§ RECORDED INFORMATION

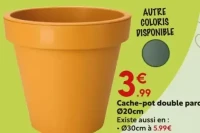 Cache-pot double paroi Ø20cm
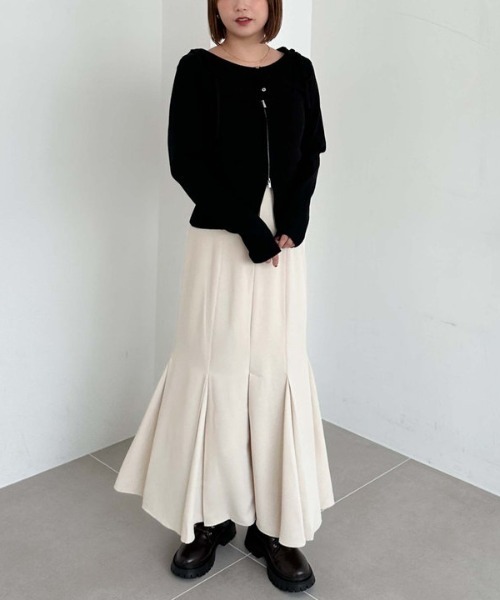 archives（アルシーヴ）の「マルチｗａｙモチモチニットアンサンブル（ニット/セーター・レディース・ブラック/アイボリー/ブルー/ワインレッド・MEDIUM）」の20枚目の写真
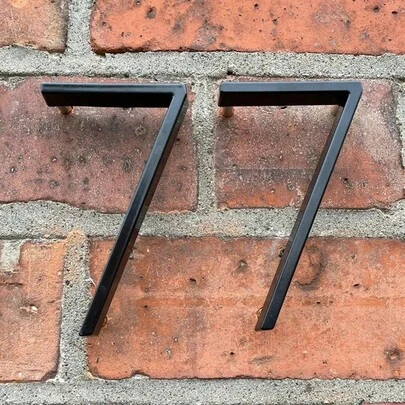 5 Inch Metal Floating House Numbers, Anti-Rust Zinc Alloy Stainless Steel Modern Solid Address Numbers, 911 High Visibility Decorative Address Sign, Outdoor House Number For Front Door Garden Mailbox Yard Street Apartment, Black Coated Exquisite Craft Door Number Sign 0-9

§ WORK REQUIRED
Exactly as written, give again every line from the one containing "archives（アルシーヴ" through the last line of the material, both included, with the pictures left out.

§ EXERCISE OUTPUT
 archives（アルシーヴ）の「マルチｗａｙモチモチニットアンサンブル（ニット/セーター・レディース・ブラック/アイボリー/ブルー/ワインレッド・MEDIUM）」の20枚目の写真
 5 Inch Metal Floating House Numbers, Anti-Rust Zinc Alloy Stainless Steel Modern Solid Address Numbers, 911 High Visibility Decorative Address Sign, Outdoor House Number For Front Door Garden Mailbox Yard Street Apartment, Black Coated Exquisite Craft Door Number Sign 0-9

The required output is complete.